All examples are in Python 3.
The bytes type in Python is immutable and stores a sequence of values ranging from 0-255 (8-bits). You can get the value of a single byte by using an index like an array, but the values can not be modified.
# Create empty bytes
empty_bytes = bytes(4)
print(type(empty_bytes))
print(empty_bytes)
To create a mutable object you need to use the bytearray type. With a bytearray you can do everything you can with other mutables like push, pop, insert, append, delete, and sort.
# Cast bytes to bytearray
mutable_bytes = bytearray(b'\x00\x0F')
# Bytearray allows modification
mutable_bytes[0] = 255
mutable_bytes.append(255)
print(mutable_bytes)
# Cast bytearray back to bytes
immutable_bytes = bytes(mutable_bytes)
print(immutable_bytes)
with open("test_file.dat", "rb") as binary_file:
# Read the whole file at once
data = binary_file.read()
print(data)
# Seek position and read N bytes
binary_file.seek(0) # Go to beginning
couple_bytes = binary_file.read(2)
print(couple_bytes)
i = 16
# Create one byte from the integer 16
single_byte = i.to_bytes(1, byteorder='big', signed=True)
print(single_byte)
# Create four bytes from the integer
four_bytes = i.to_bytes(4, byteorder='big', signed=True)
print(four_bytes)
# Compare the difference to little endian
print(i.to_bytes(4, byteorder='little', signed=True))

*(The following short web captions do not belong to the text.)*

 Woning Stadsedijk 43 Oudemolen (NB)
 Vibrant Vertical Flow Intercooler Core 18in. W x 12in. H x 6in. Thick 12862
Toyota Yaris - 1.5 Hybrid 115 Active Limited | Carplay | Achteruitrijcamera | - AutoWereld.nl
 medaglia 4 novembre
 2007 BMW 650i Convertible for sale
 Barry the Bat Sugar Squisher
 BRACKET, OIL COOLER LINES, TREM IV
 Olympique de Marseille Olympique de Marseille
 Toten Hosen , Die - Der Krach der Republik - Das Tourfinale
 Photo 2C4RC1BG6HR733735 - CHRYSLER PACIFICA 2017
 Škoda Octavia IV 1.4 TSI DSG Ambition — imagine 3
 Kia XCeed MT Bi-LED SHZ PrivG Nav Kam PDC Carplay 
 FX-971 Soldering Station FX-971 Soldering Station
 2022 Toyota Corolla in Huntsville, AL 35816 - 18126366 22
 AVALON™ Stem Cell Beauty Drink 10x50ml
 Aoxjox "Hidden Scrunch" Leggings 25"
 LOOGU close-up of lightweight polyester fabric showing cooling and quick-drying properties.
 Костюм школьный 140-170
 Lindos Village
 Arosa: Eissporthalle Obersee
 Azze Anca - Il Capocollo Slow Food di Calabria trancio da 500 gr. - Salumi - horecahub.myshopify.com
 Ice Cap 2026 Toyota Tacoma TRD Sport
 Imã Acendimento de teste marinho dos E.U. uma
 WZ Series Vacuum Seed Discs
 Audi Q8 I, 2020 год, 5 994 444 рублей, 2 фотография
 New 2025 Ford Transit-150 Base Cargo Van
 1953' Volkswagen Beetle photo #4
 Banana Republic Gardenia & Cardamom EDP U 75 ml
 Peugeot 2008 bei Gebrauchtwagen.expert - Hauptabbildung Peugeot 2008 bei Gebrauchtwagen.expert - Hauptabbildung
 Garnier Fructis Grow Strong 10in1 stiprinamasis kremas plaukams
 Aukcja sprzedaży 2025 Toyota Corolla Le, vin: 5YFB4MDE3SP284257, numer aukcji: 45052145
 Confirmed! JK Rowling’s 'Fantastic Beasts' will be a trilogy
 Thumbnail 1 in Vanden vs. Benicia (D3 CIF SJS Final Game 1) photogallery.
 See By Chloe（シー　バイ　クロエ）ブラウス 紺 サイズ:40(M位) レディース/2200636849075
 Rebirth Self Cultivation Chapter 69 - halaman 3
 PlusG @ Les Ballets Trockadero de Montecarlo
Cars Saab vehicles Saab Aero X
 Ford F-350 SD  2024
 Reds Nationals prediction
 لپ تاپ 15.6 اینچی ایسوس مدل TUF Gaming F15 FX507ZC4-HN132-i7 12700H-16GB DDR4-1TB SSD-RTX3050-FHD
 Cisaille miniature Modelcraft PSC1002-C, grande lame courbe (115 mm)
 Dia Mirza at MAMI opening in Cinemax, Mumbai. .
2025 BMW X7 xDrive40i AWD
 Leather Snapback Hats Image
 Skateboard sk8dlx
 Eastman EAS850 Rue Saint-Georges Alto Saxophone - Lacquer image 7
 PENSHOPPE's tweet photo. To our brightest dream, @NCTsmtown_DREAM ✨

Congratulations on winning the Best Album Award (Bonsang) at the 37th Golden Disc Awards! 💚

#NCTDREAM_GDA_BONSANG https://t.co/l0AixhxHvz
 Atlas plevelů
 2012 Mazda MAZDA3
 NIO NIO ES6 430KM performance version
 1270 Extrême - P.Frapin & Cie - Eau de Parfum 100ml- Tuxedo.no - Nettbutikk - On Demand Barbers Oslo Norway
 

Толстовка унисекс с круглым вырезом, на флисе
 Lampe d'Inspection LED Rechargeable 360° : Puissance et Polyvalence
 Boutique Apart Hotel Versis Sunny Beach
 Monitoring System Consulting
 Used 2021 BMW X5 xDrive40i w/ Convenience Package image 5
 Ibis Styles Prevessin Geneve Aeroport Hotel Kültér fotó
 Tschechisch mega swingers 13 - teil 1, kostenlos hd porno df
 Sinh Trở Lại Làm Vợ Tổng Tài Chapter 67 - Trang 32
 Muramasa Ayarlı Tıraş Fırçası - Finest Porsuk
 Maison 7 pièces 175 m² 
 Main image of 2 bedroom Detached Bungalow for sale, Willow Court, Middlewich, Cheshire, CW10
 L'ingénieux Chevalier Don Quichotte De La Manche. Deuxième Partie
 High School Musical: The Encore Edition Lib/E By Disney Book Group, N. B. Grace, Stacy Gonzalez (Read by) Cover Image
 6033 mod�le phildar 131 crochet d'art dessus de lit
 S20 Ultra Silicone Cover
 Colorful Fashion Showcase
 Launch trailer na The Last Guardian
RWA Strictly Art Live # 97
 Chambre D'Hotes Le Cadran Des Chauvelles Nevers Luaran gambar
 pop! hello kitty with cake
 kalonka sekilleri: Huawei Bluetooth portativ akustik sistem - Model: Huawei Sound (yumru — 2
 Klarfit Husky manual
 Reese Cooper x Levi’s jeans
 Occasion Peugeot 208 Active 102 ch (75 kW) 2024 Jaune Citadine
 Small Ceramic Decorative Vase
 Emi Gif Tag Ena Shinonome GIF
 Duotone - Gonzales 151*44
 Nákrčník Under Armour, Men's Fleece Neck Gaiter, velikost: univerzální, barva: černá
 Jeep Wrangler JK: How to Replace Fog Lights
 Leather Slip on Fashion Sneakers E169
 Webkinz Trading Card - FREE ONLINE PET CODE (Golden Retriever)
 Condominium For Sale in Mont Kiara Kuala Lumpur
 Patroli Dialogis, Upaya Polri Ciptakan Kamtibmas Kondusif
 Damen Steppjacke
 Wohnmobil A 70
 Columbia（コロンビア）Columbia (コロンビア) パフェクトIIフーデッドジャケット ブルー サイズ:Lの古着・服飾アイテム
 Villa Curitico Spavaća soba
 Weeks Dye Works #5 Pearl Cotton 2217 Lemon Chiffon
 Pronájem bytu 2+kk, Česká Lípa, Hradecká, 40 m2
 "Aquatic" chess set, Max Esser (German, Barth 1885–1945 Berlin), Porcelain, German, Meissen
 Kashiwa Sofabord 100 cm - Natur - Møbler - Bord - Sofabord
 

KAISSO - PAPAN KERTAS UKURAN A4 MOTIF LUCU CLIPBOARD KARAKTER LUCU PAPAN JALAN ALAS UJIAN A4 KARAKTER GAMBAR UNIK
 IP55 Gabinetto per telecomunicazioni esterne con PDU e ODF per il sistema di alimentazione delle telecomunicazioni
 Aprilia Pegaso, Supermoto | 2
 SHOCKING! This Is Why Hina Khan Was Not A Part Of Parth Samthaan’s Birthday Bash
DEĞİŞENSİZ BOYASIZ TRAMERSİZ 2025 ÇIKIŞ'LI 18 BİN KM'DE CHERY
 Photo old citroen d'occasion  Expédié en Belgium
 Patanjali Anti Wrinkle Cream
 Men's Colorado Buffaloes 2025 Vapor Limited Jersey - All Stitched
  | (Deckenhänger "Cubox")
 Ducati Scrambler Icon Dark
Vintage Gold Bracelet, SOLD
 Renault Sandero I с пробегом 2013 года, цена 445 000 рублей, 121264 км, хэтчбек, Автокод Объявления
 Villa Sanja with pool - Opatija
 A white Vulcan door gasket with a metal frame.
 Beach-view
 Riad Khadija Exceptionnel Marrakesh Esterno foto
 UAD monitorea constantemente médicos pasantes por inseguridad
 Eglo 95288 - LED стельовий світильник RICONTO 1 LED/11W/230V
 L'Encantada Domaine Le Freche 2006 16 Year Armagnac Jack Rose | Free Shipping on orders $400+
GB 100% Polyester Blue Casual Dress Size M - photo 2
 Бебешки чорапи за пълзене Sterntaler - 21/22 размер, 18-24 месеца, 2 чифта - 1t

# Create bytes from a list of integers with values from 0-255
bytes_from_list = bytes([255, 254, 253, 252])
print(bytes_from_list)
# Create a byte from a base 2 integer
one_byte = int('11110000', 2)
print(one_byte)
# Create an int from bytes. Default is unsigned.
some_bytes = b'\x00\xF0'
i = int.from_bytes(some_bytes, byteorder='big')
print(i)
# Create a signed int
i = int.from_bytes(b'\x00\x0F', byteorder='big', signed=True)
print(i)
# Use a list of integers 0-255 as a source of byte values
i = int.from_bytes([255, 0, 0, 0], byteorder='big')
print(i)
# Binary to Text
binary_data = b'I am text.'
text = binary_data.decode('utf-8')
print(text)
binary_data = bytes([65, 66, 67]) # ASCII values for A, B, C
text = binary_data.decode('utf-8')
print(text)
# Text to Binary
message = "Hello" # str
binary_message = message.encode('utf-8')
print(type(binary_message)) # bytes
# Python has many built in encodings for different languages,
# and even the Caeser cipher is built in
import codecs
cipher_text = codecs.encode(message, 'rot_13')
print(cipher_text)
# Encode binary data to a base 64 string
binary_data = b'\x00\xFF\x00\xFF'
# Use the codecs module to encode
import codecs
base64_data = codecs.encode(binary_data, 'base64')
print(base64_data)
# Or use the binascii module
import binascii
base64_data = binascii.b2a_base64(binary_data)
print(base64_data)
# The base64_string is still a bytes type
# It may need to be decoded to an ASCII string
print(base64_data.decode('utf-8'))
# Decoding is done similarly
print(codecs.decode(base64_data, 'base64'))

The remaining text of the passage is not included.